**WHAT THIS TASK INVOLVES:** For the lines from the one with "Buy Adidas Originals" to the end of the listing below, both ends included, give an exact copy and nothing more. Do not copy pictures.

**INFORMATION SHOWN:**
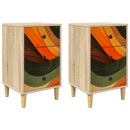 vidaXL Éjjeliszekrény ZAANDAM 2 db Sonoma Tölgy 36 x 33 x 60 cm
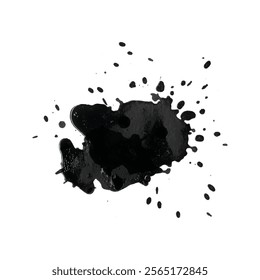 Dark ink splash and blot illustration on white background isolated artistic watercolor stain with brush drop texture gray splatter spray abstract spot for painting and drawing design projects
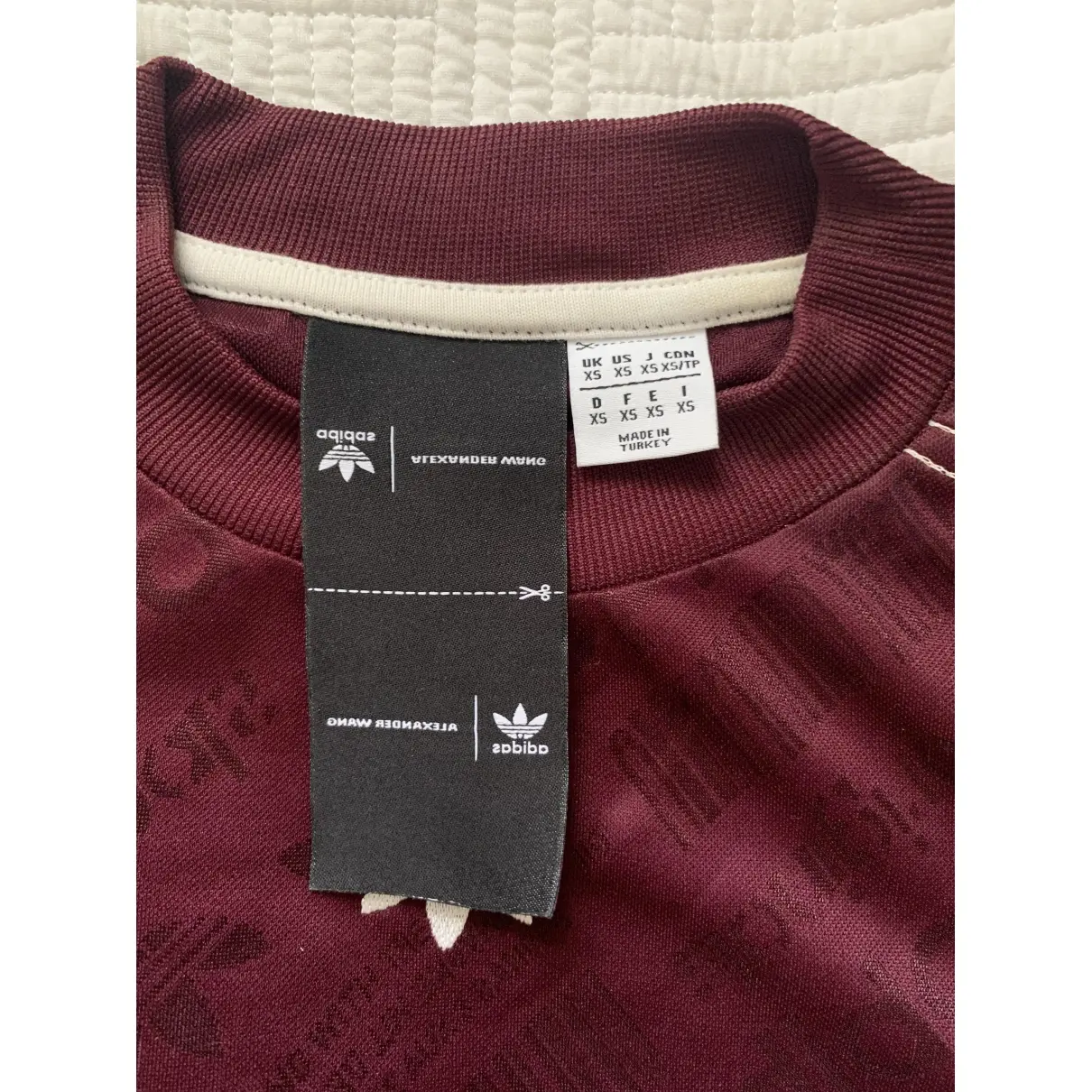 Buy Adidas Originals x Alexander Wang Burgundy Polyester Top online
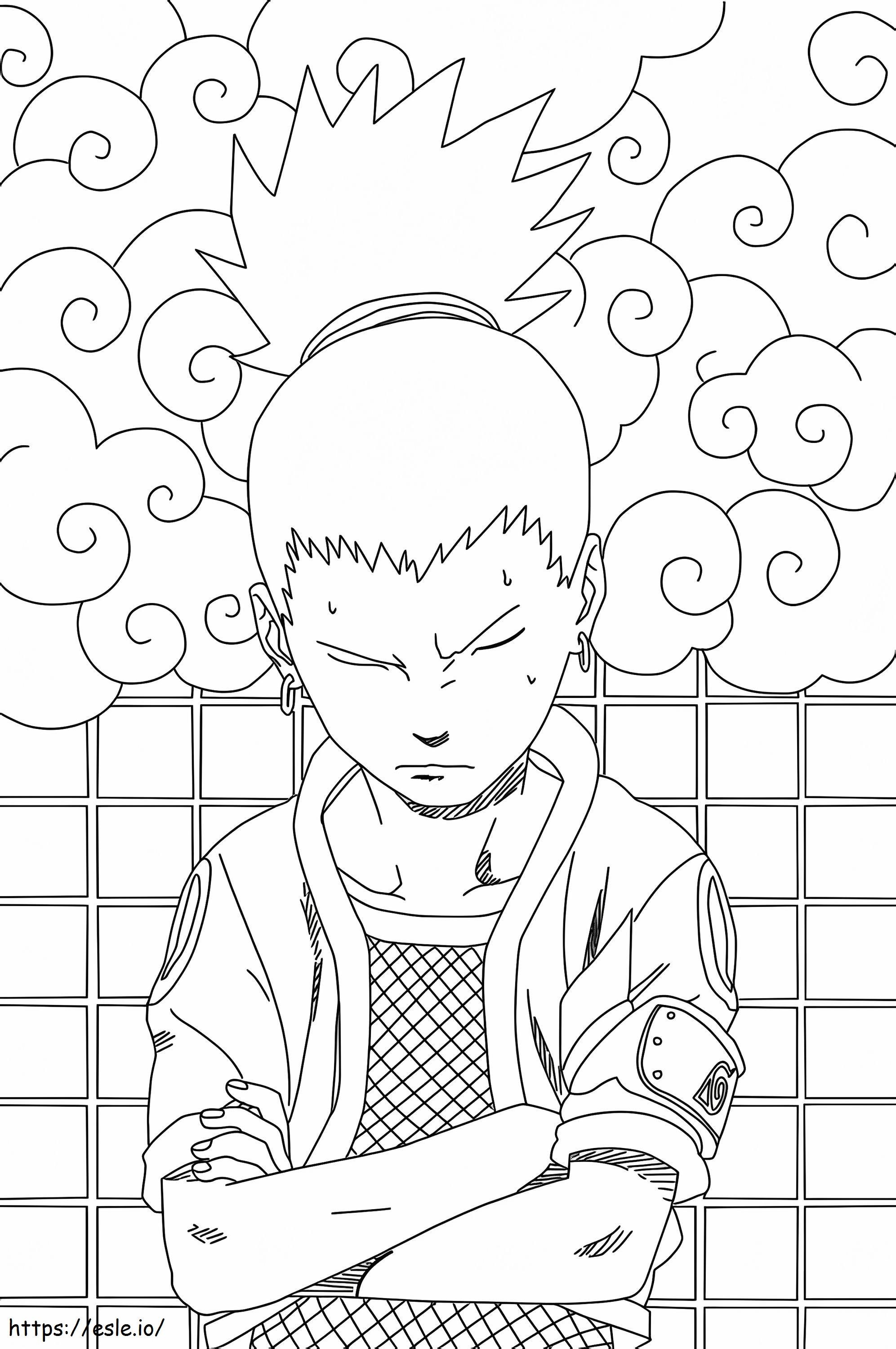 _Shikamaru A4 desene de colorat pentru copii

**TASK OUTPUT:**
 Buy Adidas Originals x Alexander Wang Burgundy Polyester Top online
 _Shikamaru A4 desene de colorat pentru copii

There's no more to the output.